American singer-songwriter

Marc Douglas Berardo is an American singer-songwriter. He was born in Port Chester, New York, and raised in Rye, New York. He currently resides in Westerly, Rhode Island.

Berardo's songwriting has been compared to that of John Prine, James Taylor and Jackson Browne and an acoustic Bruce Springsteen. Berardo has been referred to as a possessing a "lonesome, clear voice easily carries an aching beauty" as well displaying musicianship with "fluid, melodic string arrangements based on his acoustic guitar". About Berardo's 2013 release, Whalebone, John Apice wrote in No Depression, "The performances are sincere, fluid, charming and above all gripping".

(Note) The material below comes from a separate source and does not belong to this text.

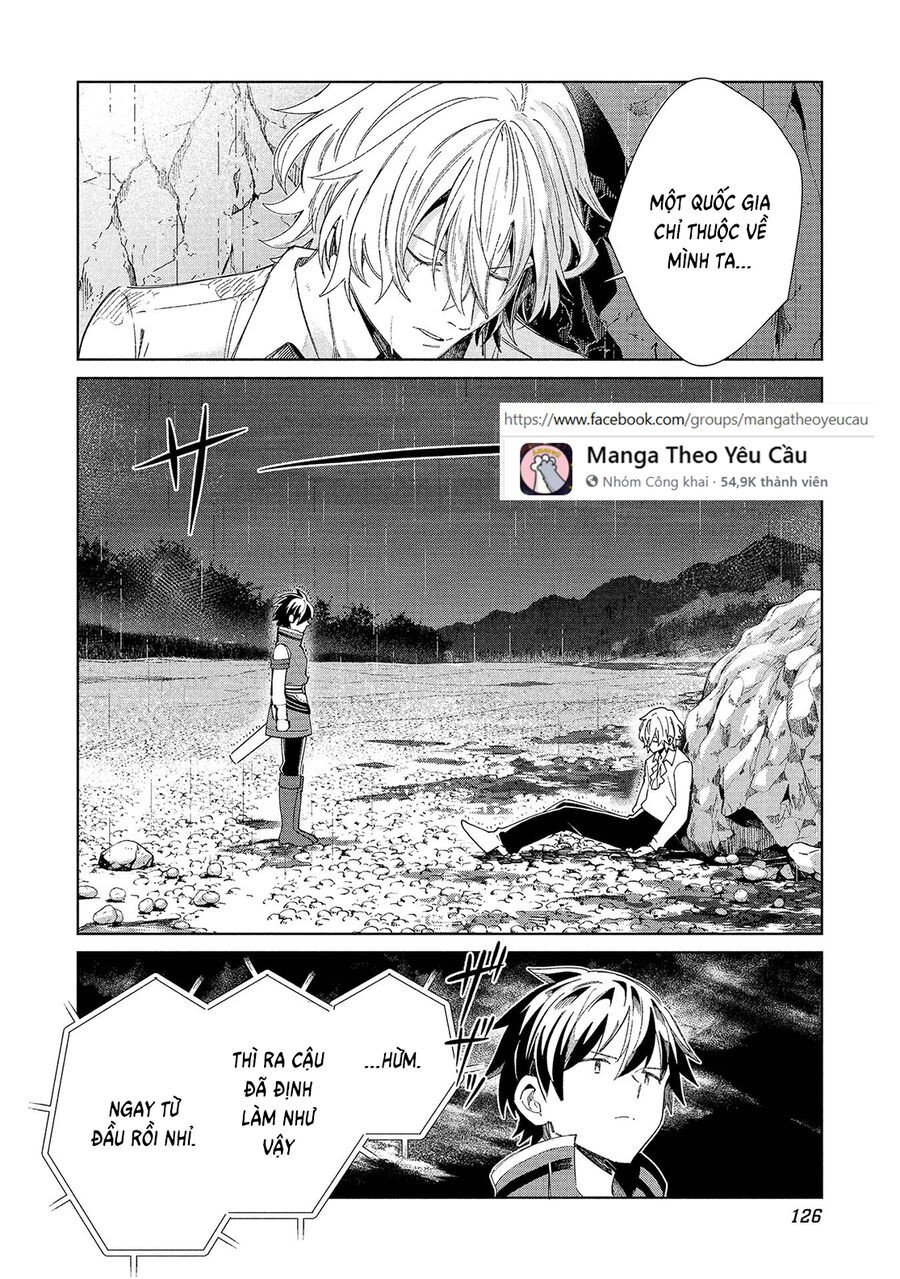 Nihon E Youkoso Elf-San Chap 57 - Next Chap 58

Videos from singles released in 2022 and 2023, The Hard Part (2022), Waiting on A Brand New Day (2022), and Letting You Blow Away (2023) were premiered by Americana Highways.

== Recognition ==

Berardo has been recognized in national song contests and showcases. He was awarded the 2014 Michael Terry People's Choice Award at the Wildflower! Arts and Music Festival Performing Songwriter Contest.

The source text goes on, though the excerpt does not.